The ice in Putin rarely cracks. But when it does, it does so spectacularly.

Back in 1999, defining his attitude to Chechnya's separatist rebels, he urged Russia's troops to "wipe them out in the shithouse".

Last year, a French journalist's questions on the region riled him again, and he offered him a free circumcision in Moscow, "if you want to be a real Muslim".

"I will recommend they carry out the operation in such a way that nothing ever grows back," he told the reporter, to the momentary bafflement of his interpreter.

In September, he told leaders of ex-Soviet states that Western Europe worked efficiently because people there "no longer chew snot from year to year and have started working".

None of these gaffes dents Putin's sky-high popularity. Most Russians couldn't care less if he offends liberals at home and abroad, and they like his action-man image and big-power rhetoric. This is a man who skis and does judo, and has flown to Chechnya in a fighter jet. A man who not only has his own youth movement, the slightly sinister Moving Together, but a group of pneumatic Russian pop stars who pay homage to his charms, the predictably named Singing Together.

"I saw him on the news yesterday, he says that our world's a mess - Now I want a guy like Putin!" they trilled last year.

"Someone like Putin, full of strength, someone like Putin who doesn't drink, someone like Putin who won't hurt me, someone like Putin who won't abandon me!"

The president - married to Lyudmila for 20 years and with two teenage daughters, Katya and Maria - did not respond to their beseeching.

For her part, Lyudmila keeps a low profile. She probably made most waves when, in a book written by a German friend, she described her husband as "a vampire".

"And he has two golden rules," she said in a later interview. "A woman must do everything at home; and you should not praise a woman otherwise you will spoil her." Such comments would rattle even the most solid ratings in the West, but not here.

Millions of Russians like a man who can reinstate the Soviet national anthem and still be called "a true friend" by President George Bush. A man who can preside over steady economic growth and be welcomed by the financial powerhouses of the G8, while quietly filling the Kremlin with comrades from the KGB.

Many Russians still long for a return to the certainties of the Soviet era, and deplore "oligarchs" like Mikhail Khodorkovsky, head of Russia's biggest oil firm, Yukos, and the country's richest tycoon. He made billions while they lost everything in pyramid-scheme scams and banking crises.

Now Khodorkovsky is behind bars, charged with massive fraud and tax evasion. Liberals say he is being punished for daring to fund opposition parties and hinting at a tilt at the presidency in 2008. Then, last Thursday, Putin removed his long-serving chief of staff Alexander Voloshin, who was seen as close to Khodorkovsky, from his job, appointing an ally from his native St Petersburg.

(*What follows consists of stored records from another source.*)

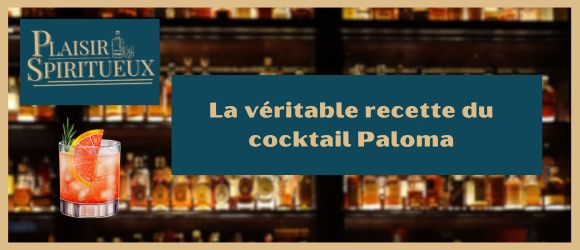 La véritable recette du cocktail Paloma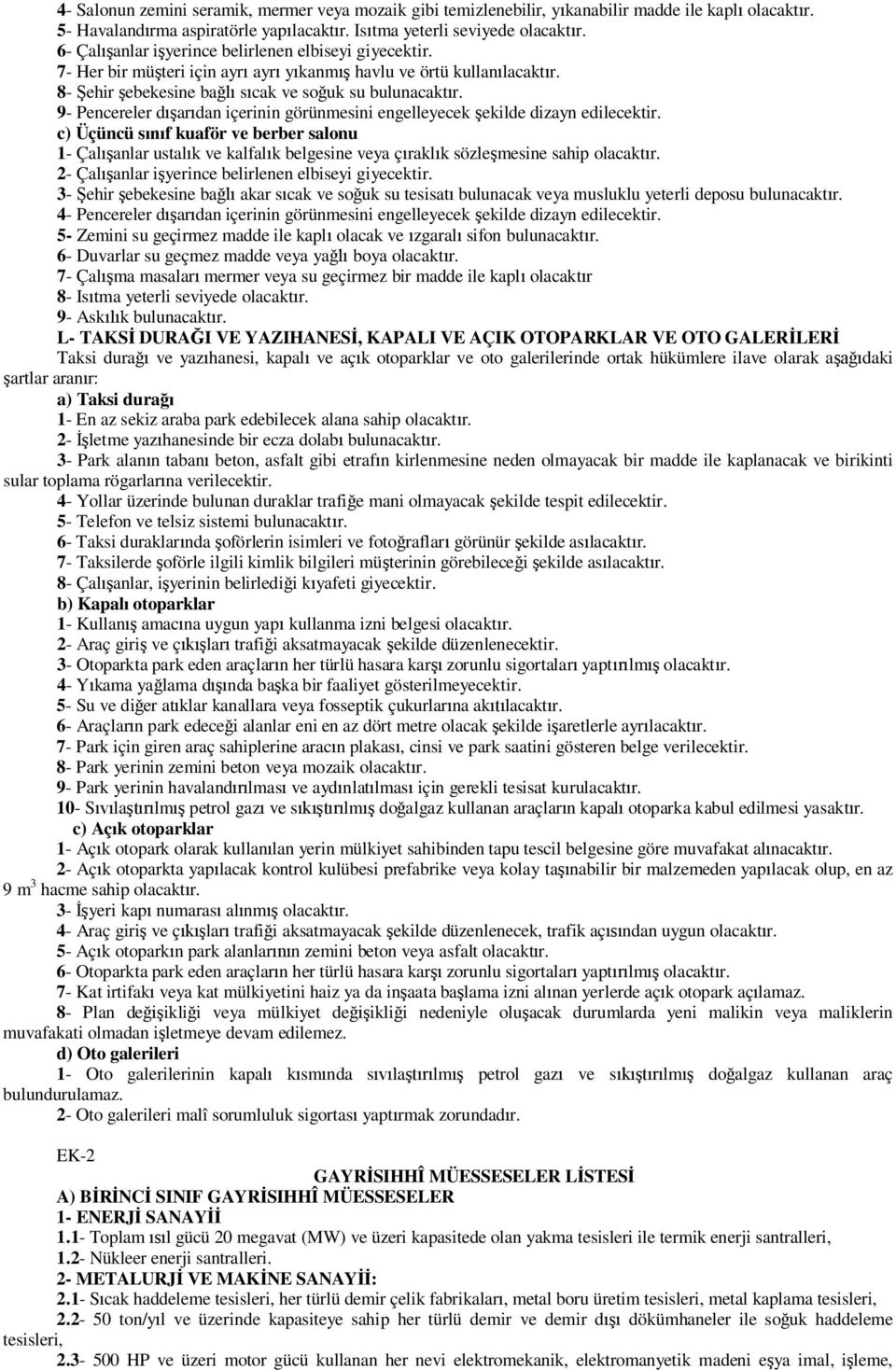 9- Pencereler d ar dan içerinin görünmesini engelleyecek ekilde dizayn edilecektir.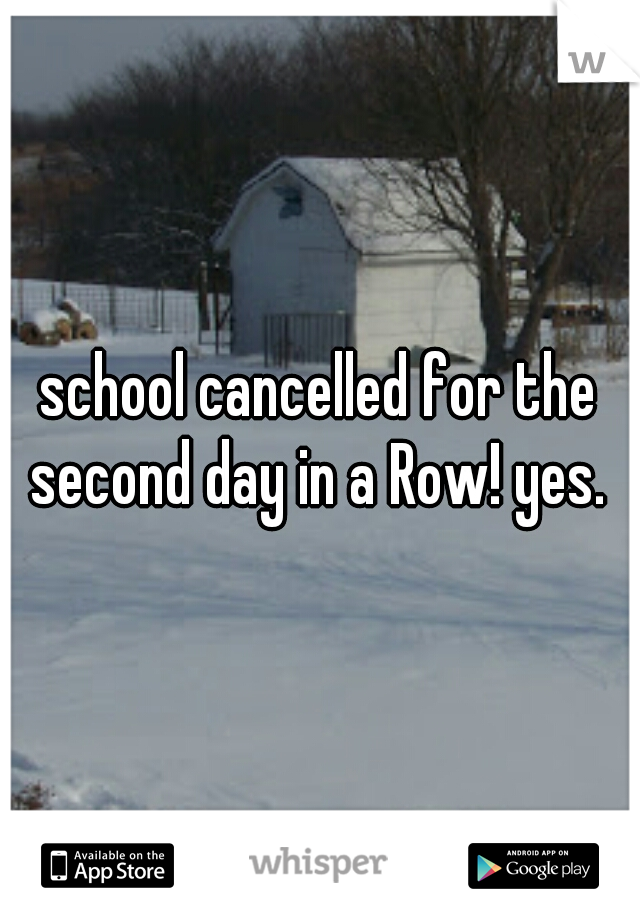 school cancelled for the second day in a Row! yes. 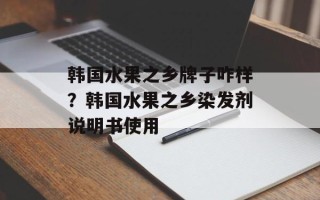 韩国水果之乡牌子咋样？韩国水果之乡染发剂说明书使用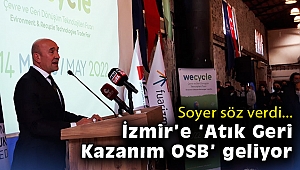 Soyer söz verdi: İzmir'e 'Atık Geri Kazanım OSB' geliyor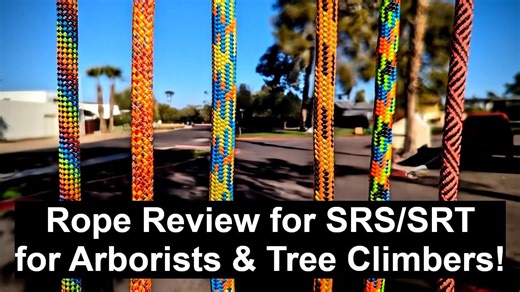SRS and SRT Rope Guide for Arborists: Gear Review and Recommendations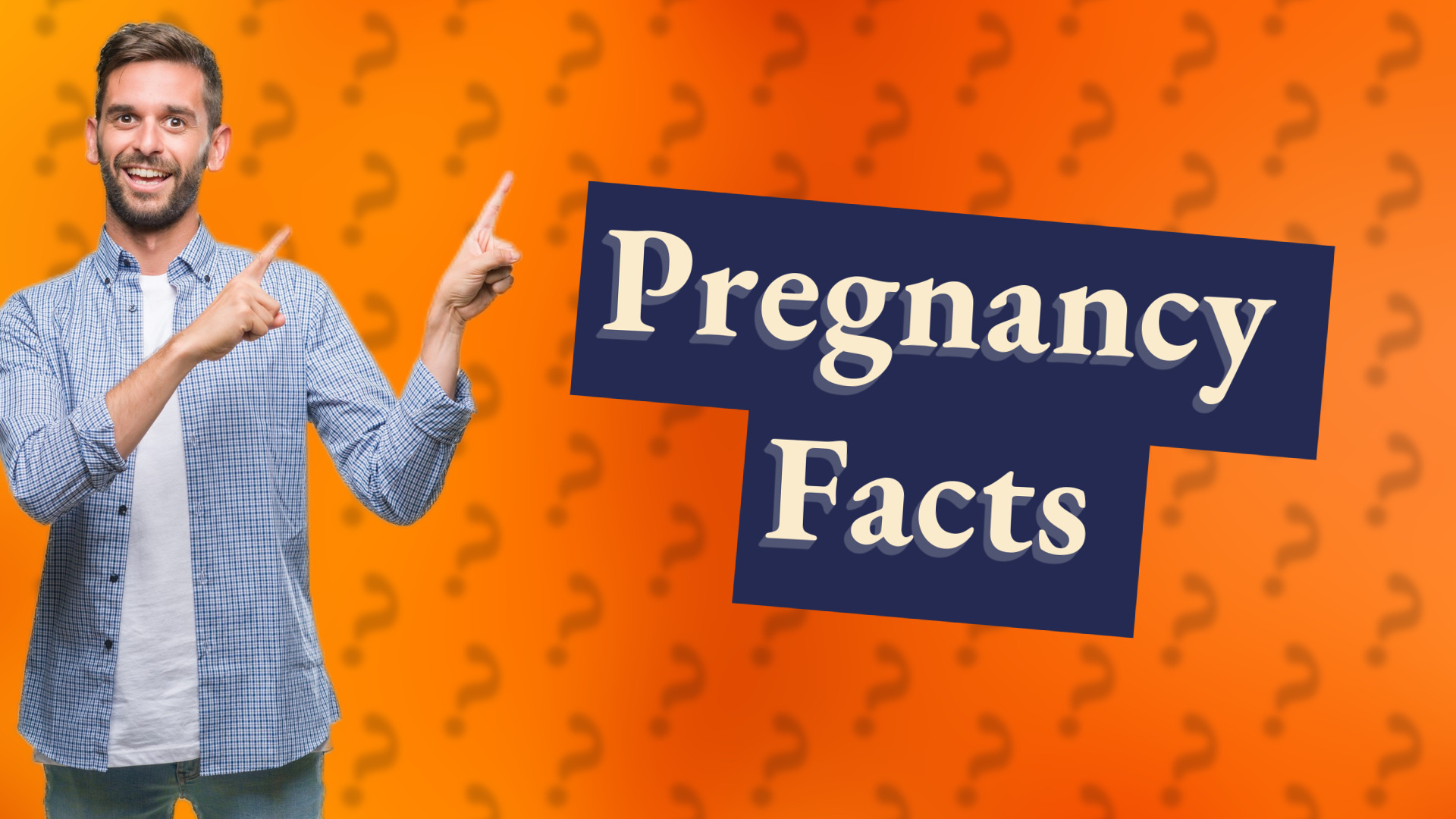 Pregnancy Facts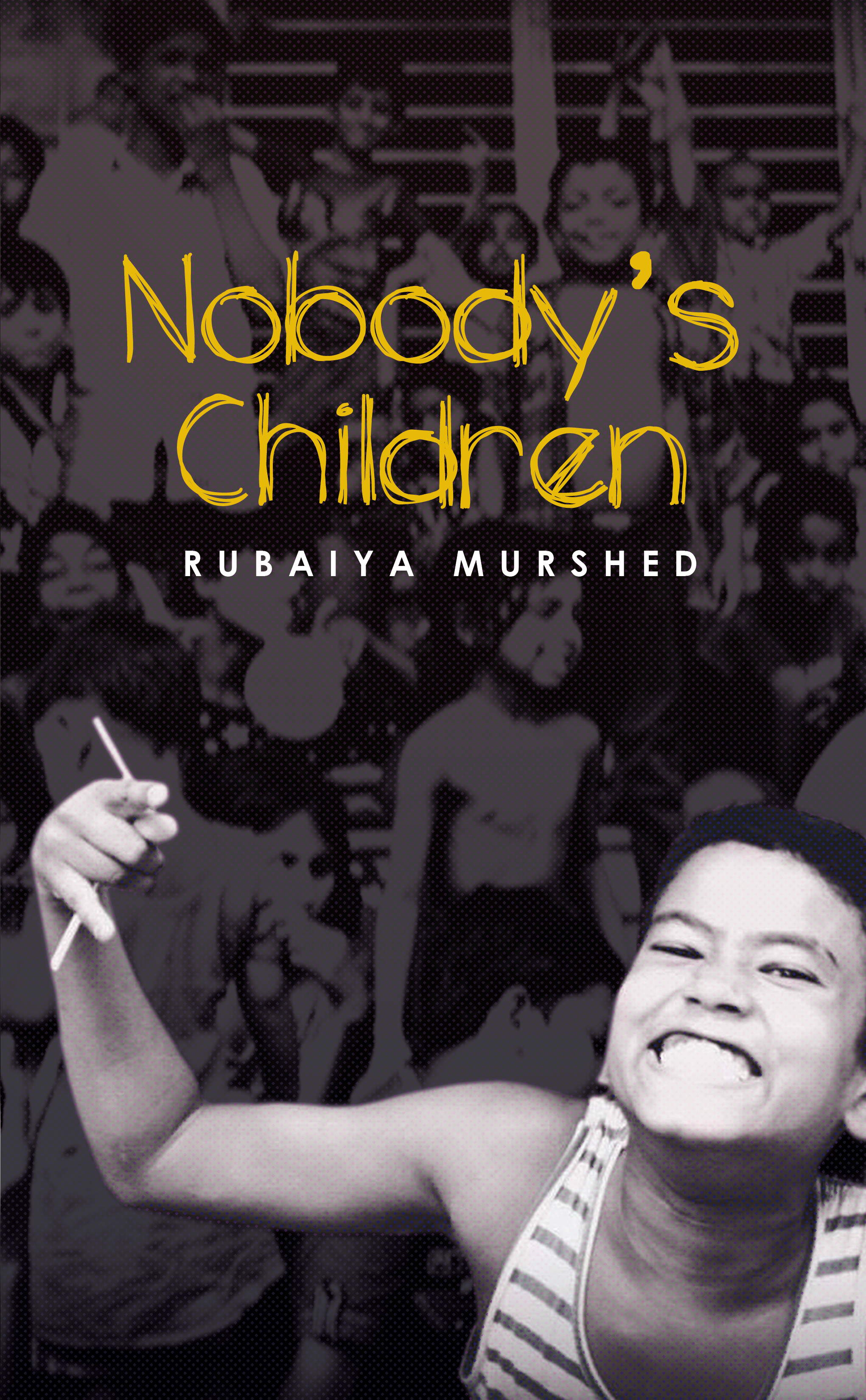 Rubaiya Murshed’s ‘Nobody’s Children’: UPL publishes book on struggles of street children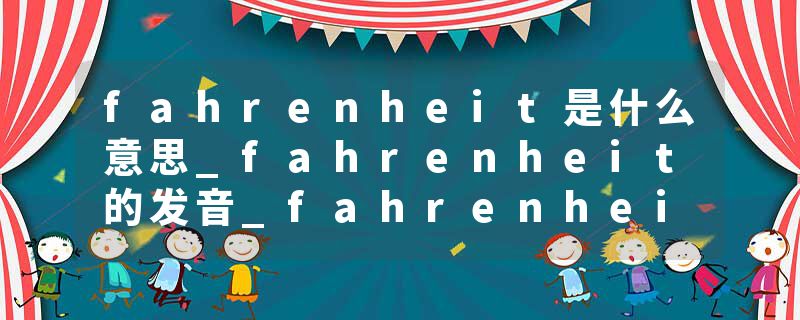 fahrenheit是什么意思_fahrenheit的发音_fahrenheit的用法_fahrenheit怎么记_fahrenheit翻译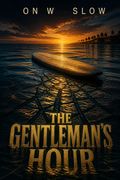 The Gentleman's Hour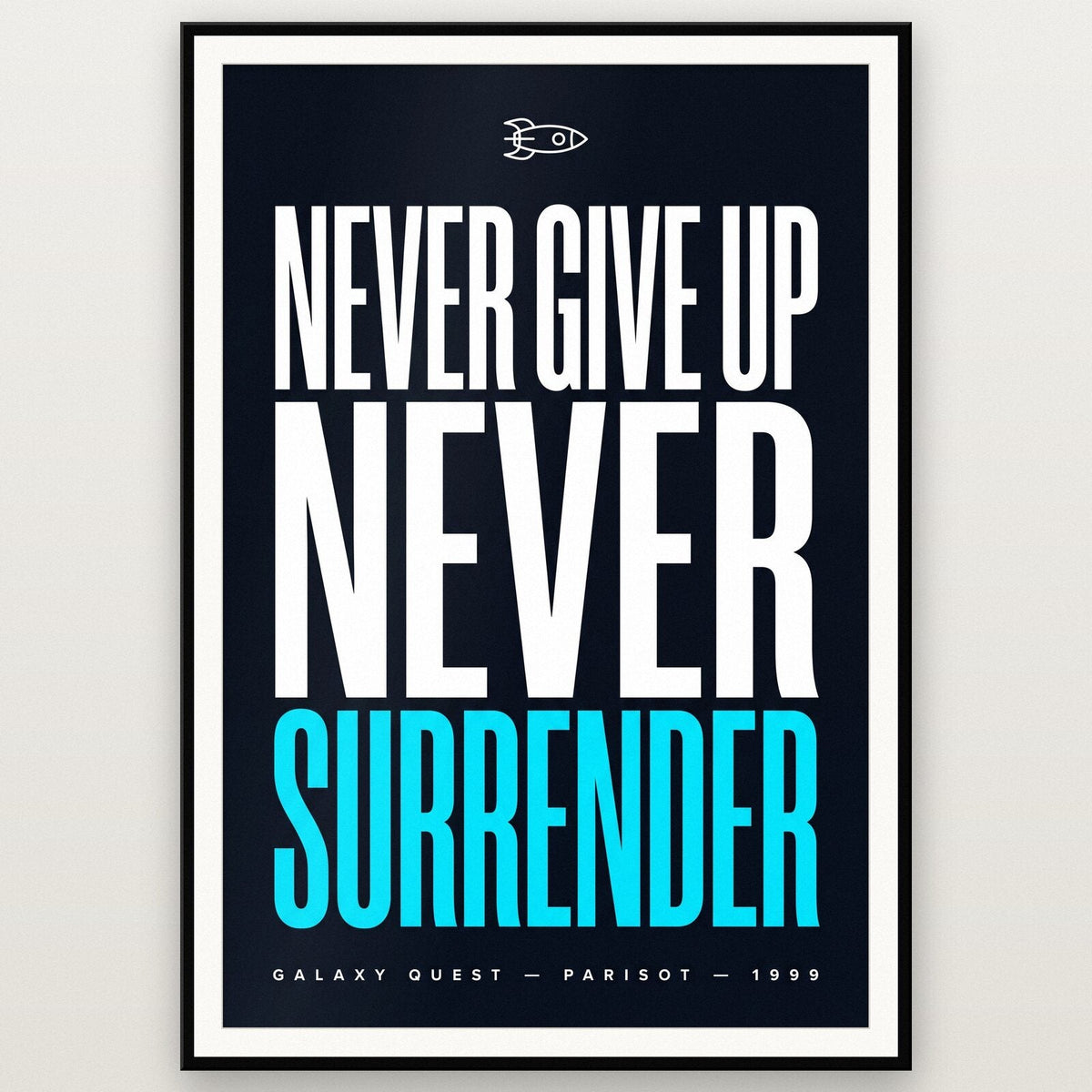 Never Give Up Never Surrender Movie Quote Art Print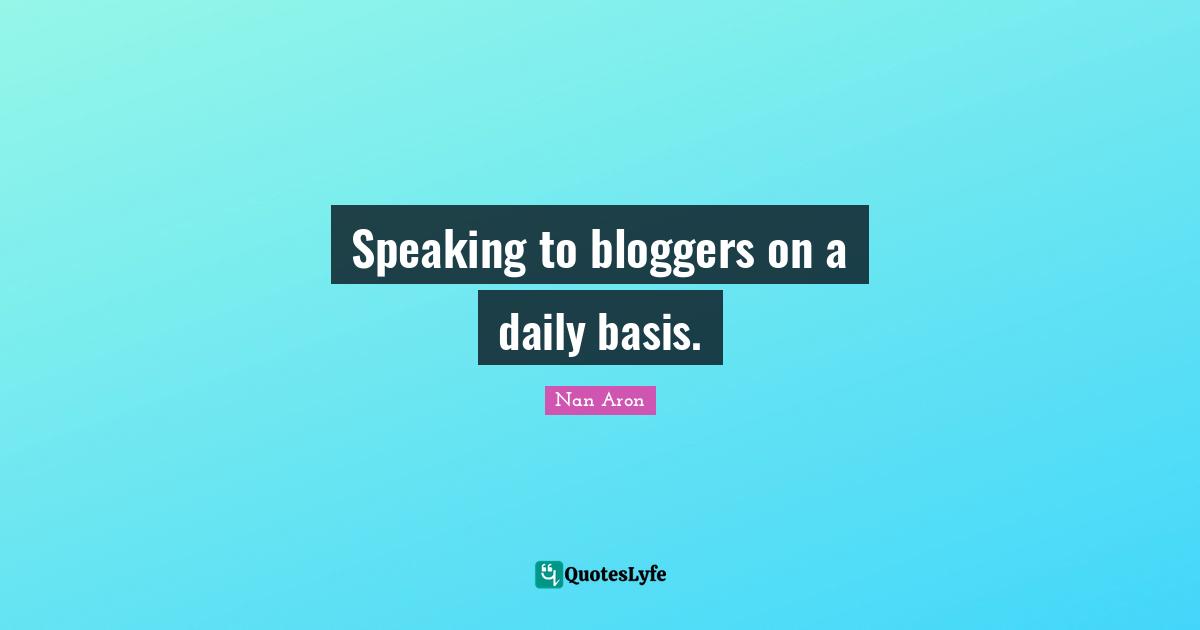 Speaking to bloggers on a daily basis.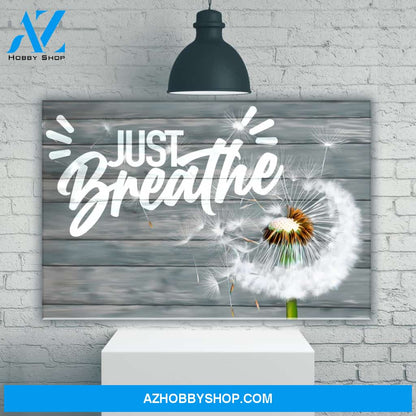 Just Breathe Premium Canvas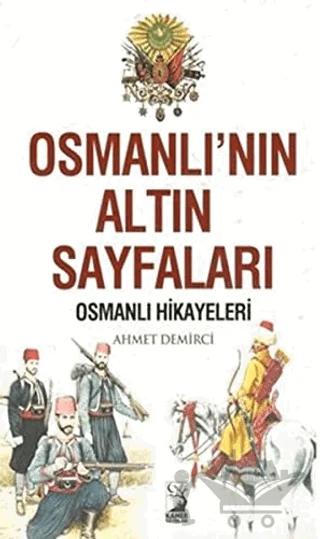Osmanlı'nın Altın Sayfaları
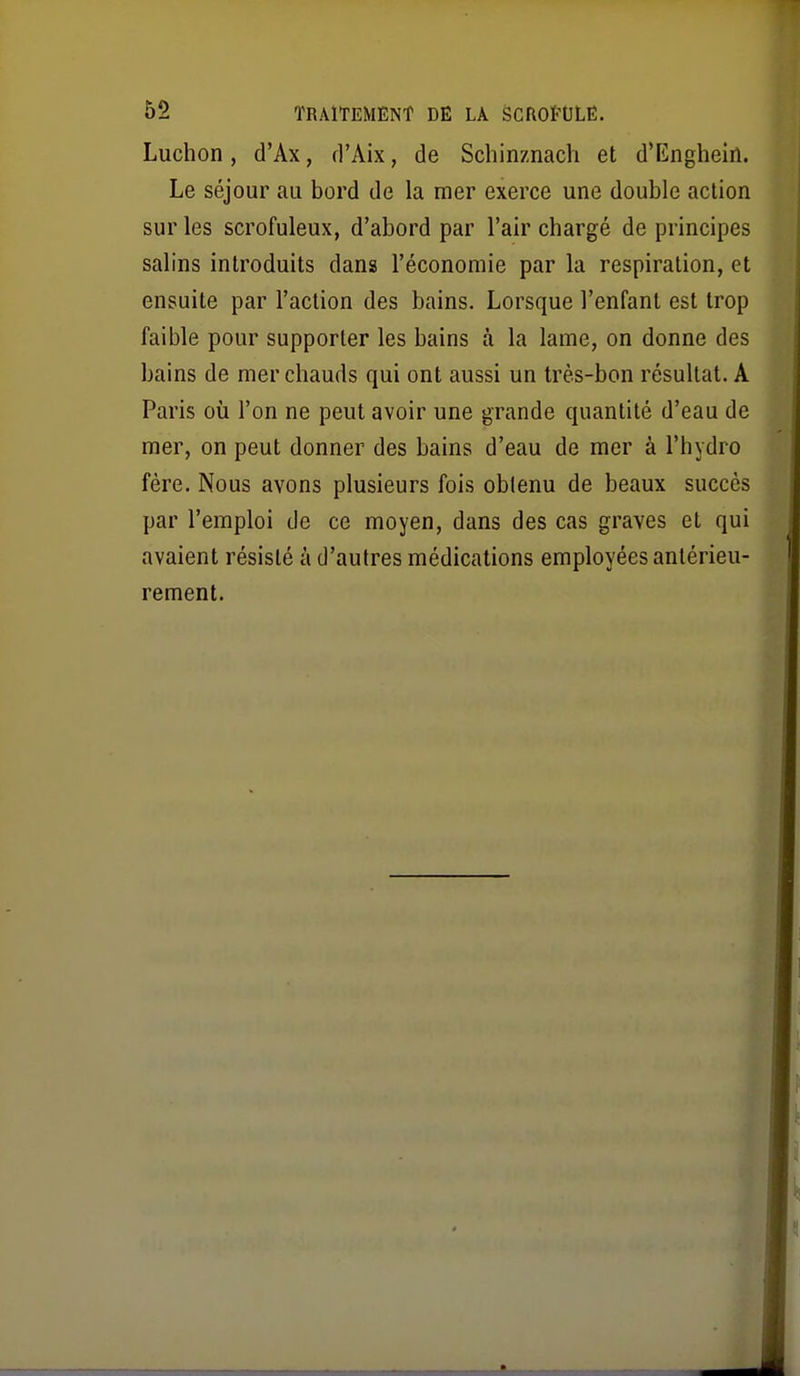 Luchon, d'Ax, d'Aix, de Schinznach et d'Knghein. Le séjour au bord de la mer exerce une double action sur les scrofuleux, d'abord par l'air chargé de principes salins introduits dans l'économie par la respiration, et ensuite par l'action des bains. Lorsque l'enfant est trop faible pour supporter les bains à la lame, on donne des bains de mer chauds qui ont aussi un très-bon résultat. A Paris où l'on ne peut avoir une grande quantité d'eau de mer, on peut donner des bains d'eau de mer à l'hydro fére. Nous avons plusieurs fois obtenu de beaux succès par l'emploi de ce moyen, dans des cas graves et qui avaient résisté à d'autres médications employées antérieu- rement.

Most Russian voters, however, seem set to support the Kremlin's party in parliamentary elections next month and Putin in a presidential vote in March.

They remember, perhaps better than Khodorkovsky, Putin's pledge in 2000 to submit Russia to a "dictatorship of the law", and "eradicate oligarchs as a class". Grigory Yavlinsky, leader of the liberal Yabloko party, had a different name this week for the system being built by Putin: "capitalism with a Stalinist face".